I ran into a problem like this in an early 1900's house my dad and I were remodeling. I don't believe ours were quite as bad as 24" centers, but it certainly felt like a trampoline when you walked on the floor upstairs. I big portion of the problem was resolved when we removed the thousands of pounds of lathe and plaster and replaced it with modern drywall.  As far as the floor joists went, we ended up using a 20 ton bottle jack to raise the bowing centers of the existing joists and sandwiched new 2x8's on either side and glued and bolted them all together. We then installed new oak hardwoods upstairs and when it was all said and done those floors/ceiling were solid. That's been 10 years ago now, with no signs of cracking in the ceiling.

Mediastinia

We still have some load reducing to do. All rooms had multiple layers of carpets and flooring added. We were fortunate that when some weight added (i.e. kitchen brought inside with electricity), supports added in basement.

Hand hewed beams under load bearing walls (lathe and plaster) had supports put under them, probably early as they are timbers, some with bark, set on fieldstones. More of these under main beam as well. No problems there.

We do intend to replace extremely weakened log floor joists. These will be replaced with log joists. Spent 4 months before winter repairing 1860's fairly large two story barn. We replaced log roof rafters with log roof rafters. In house, will replace as needed as I work on individual room floors.

Putting in modern joists is a compromise I am willing to make because 24 and 27 centers make floors springy between them. My other compromise I am willing to make with my ancestor's work (their pictures on the walls always looking at me), is put support under 17 foot spans, as either a beam runner across or individual posts. Stairs come down on this side (inside stairs!, another modern convenience added!). Add support to 13 foot side as needed.

We will stain the joists and paint the hangers to reduce their distraction from the logs joist. All electrical and plumbing now on logs will be moved to these.

Am thinking of using 2 x 8's, trimming down to not hang below main beam and clear stonewalls to increase stiffness. I will use heavy gauge hangers that require lower screw counts.

Never found much on plain center cut sawn lumber kiln dried for joists. Any experience with this option?

2400 MSR lumber E# may be 2.0E

Don P

That's a convoluted problem. If you run a girder at midspan under the 17' span and the modern joists are at 2.33' spacing with a 50psf total floor load then they can carry the floor load exclusive of the log joists, the logs are then what is keeping the floor deflection down and the modern joists are bearing the load, then you might just borate and keep the existing joists.

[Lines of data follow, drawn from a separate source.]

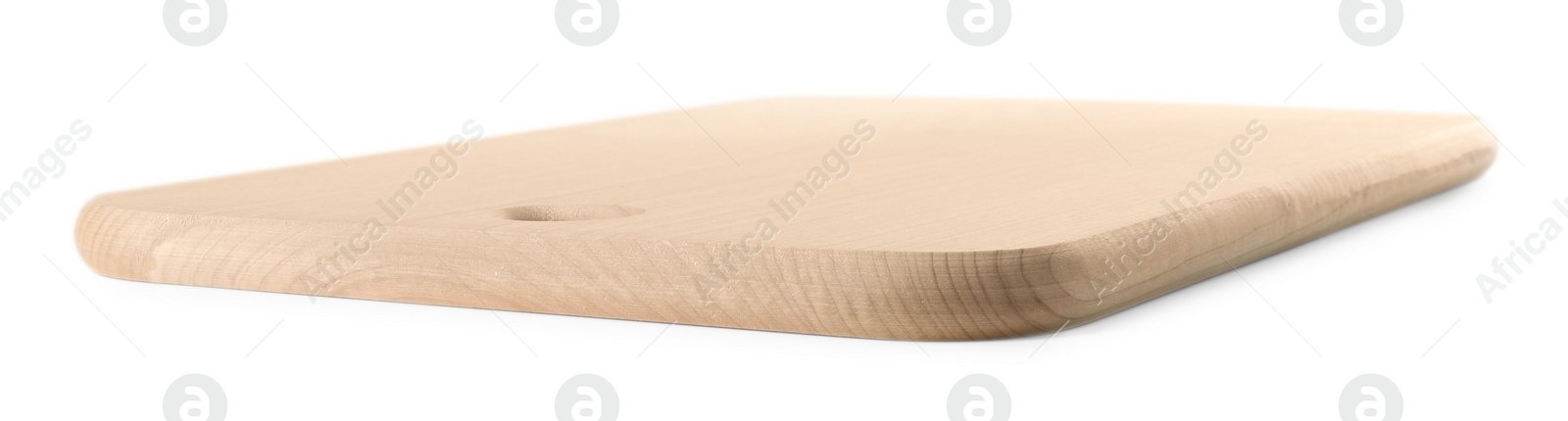 Photo of One wooden cutting board on white background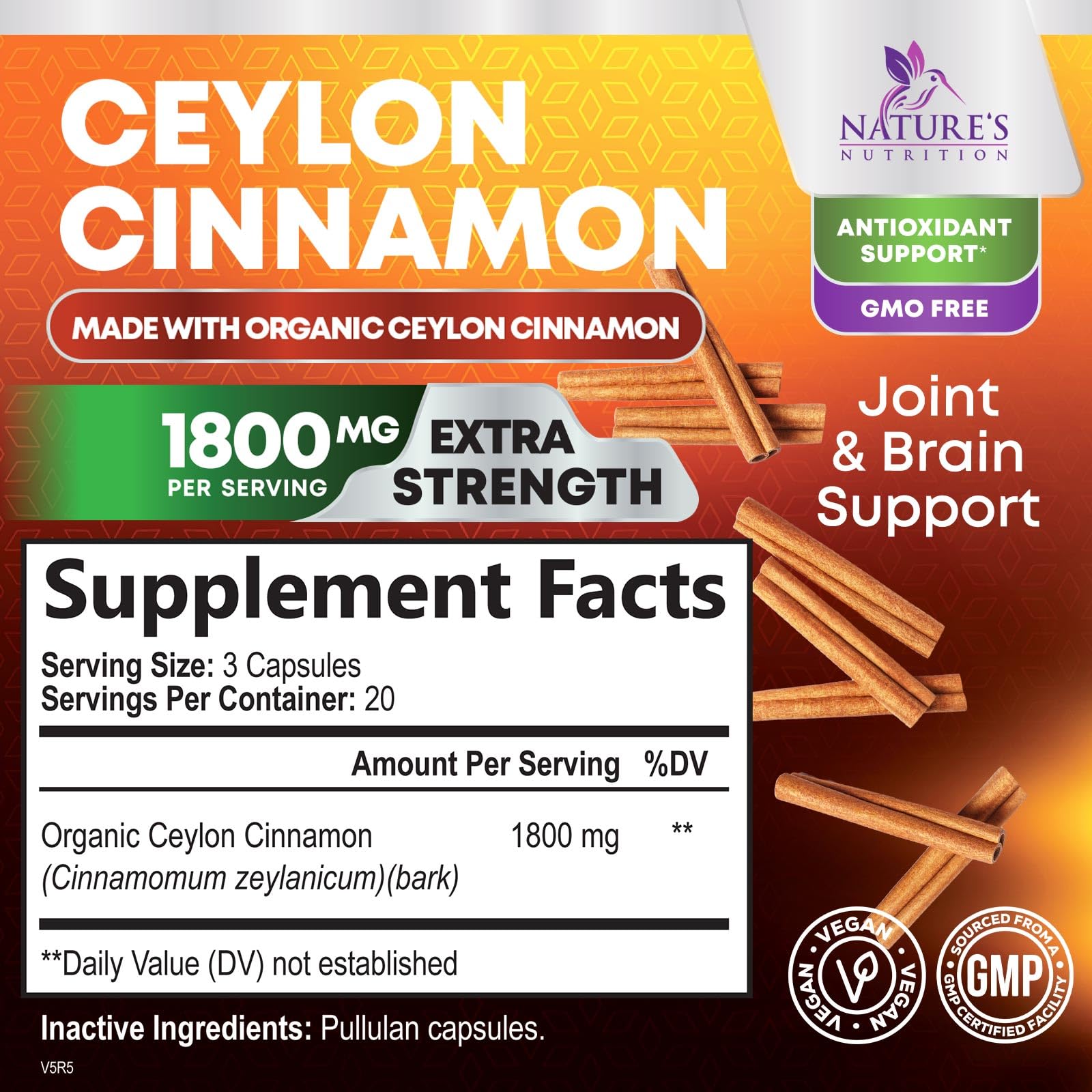 Nature's Nutrition cápsulas de canela Ceilán 1800 mg para energía sostenida.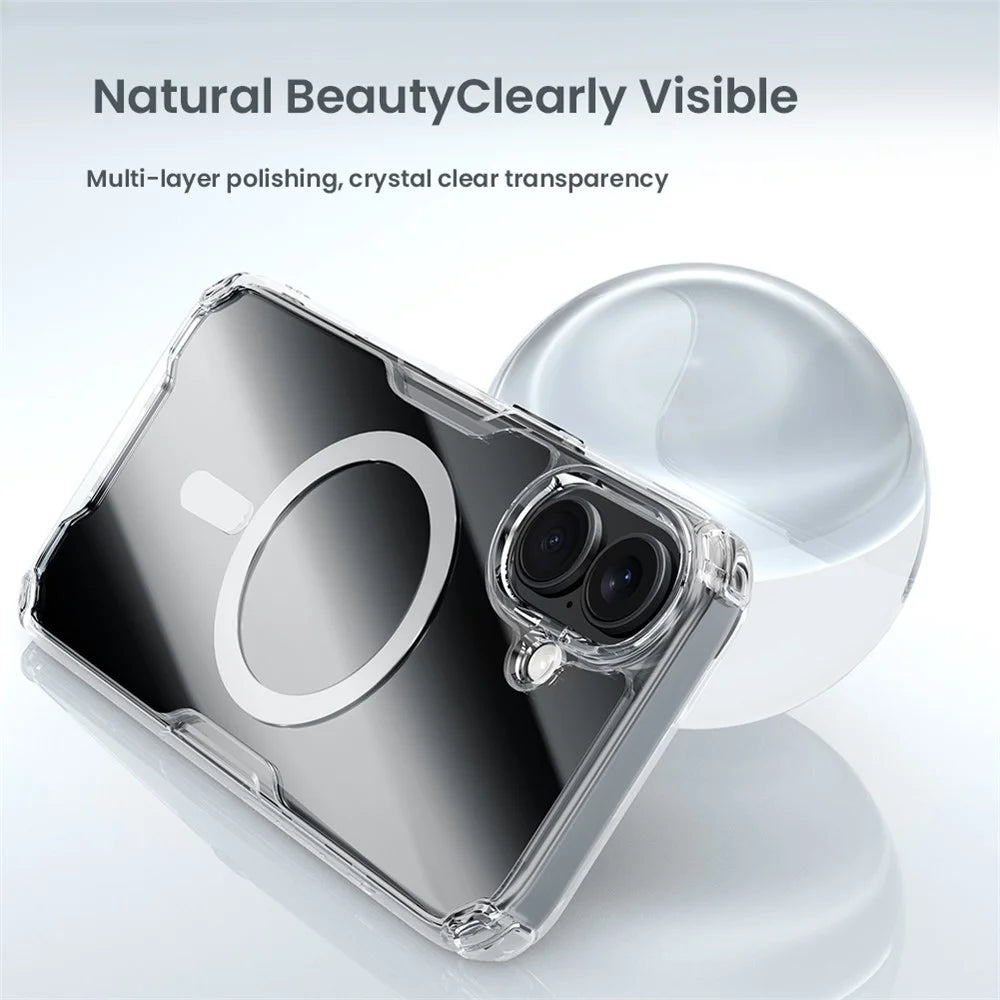 NILLKIN Nature Pro Series for iPhone 16 Case Compatible with MagSafe TPU + PC Ultra Clear Phone Case - Blue - 6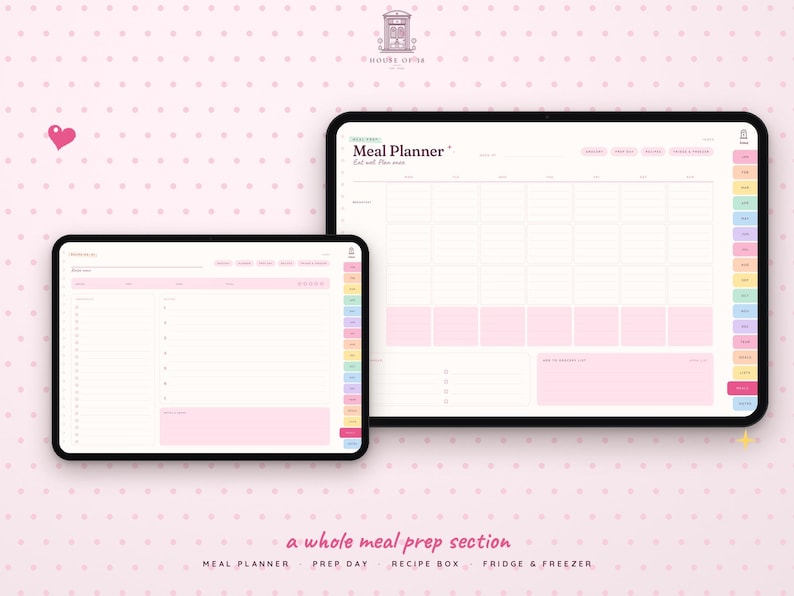 May include: Two digital tablets displaying a meal planner interface with a light pink color scheme. The screens feature grids, checklists, and tabs labeled with text including Meal Planner, Prep Day, Recipe Box, and Fridge & Freezer.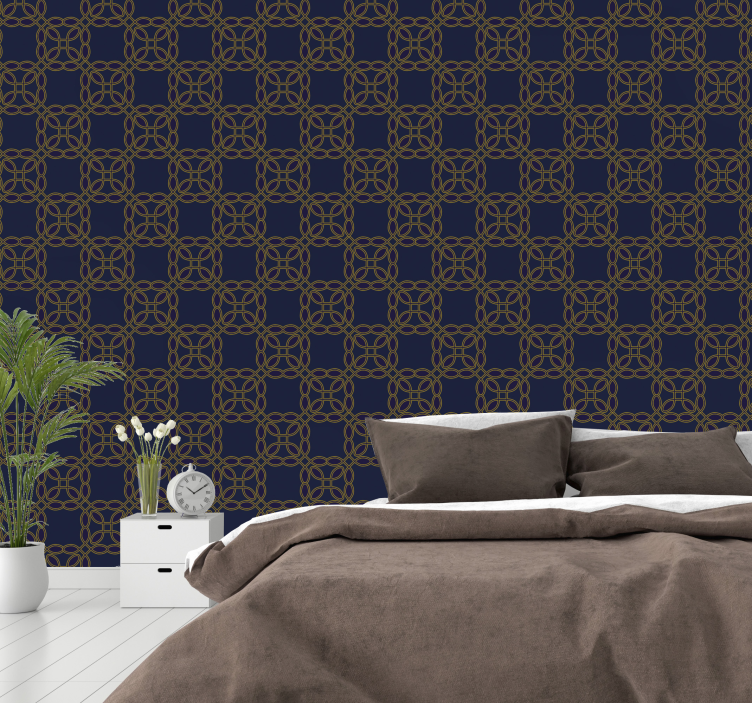 Tapet ornamental eleganță geometrică bleumarin - TenStickers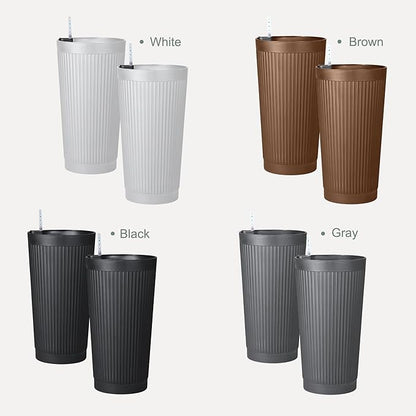24" Large Planter Set of 2, Self Watering Tall Plastic Planters for Outdoor Plants, Modern Flower Pots Planter Outdoor for Patio, Front Door Decor, with Drainage (Gray Ribbed)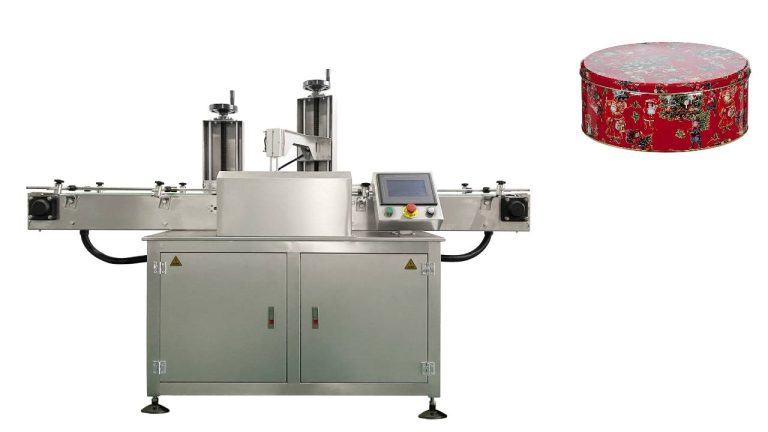 Tape sealing machine for tin containers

Don't notch the modern joists more than 1/4 depth and taper that notch out gently, not a sharp re-entrant stress riser corner, those split. The 13' span passes in bending but fails in deflection at about 13/16" under full load. Doubled up they pass.

If the floor is deflected, if it has taken a permanent set, when you tip up new straight joists under there it may just rip the floorboards up off the sagging log joists. Check the floor with a string, if it's bad that is a real possibility. The beetles are more than likely in the floor as well, I've redone it all before, check and think about what you are seeing.

Mediastinia

Feeling better about this. 

With a modest goals of making things better, limiting impact on appearance and doing no damage, working mostly solo . . . I'm thinking of this,

Materials
1. Doubling 2 x 6 2400 MSR SYP
2. Simpson LUS26-2 hangers (or HUS26-2, 14 vs LUS 18 gauge,  4x LUS cost; suppose to carry same load)
3. Simpson SD10 screws (#10 x 2 1/2, approved for this use)

Assembly
1. Doubling with screws and adhesive 
2. Will put in pilot holes for hangers
3. With logs in the way and stairs on 17' span side, I was planning on putting in posts under individual joists. I have dense black walnut stand to thin, so post may be this.

I have ideas on screws and adhesive, but would like input on what others have used and suggest. I can keep assembled joists in barn to dry glued joists.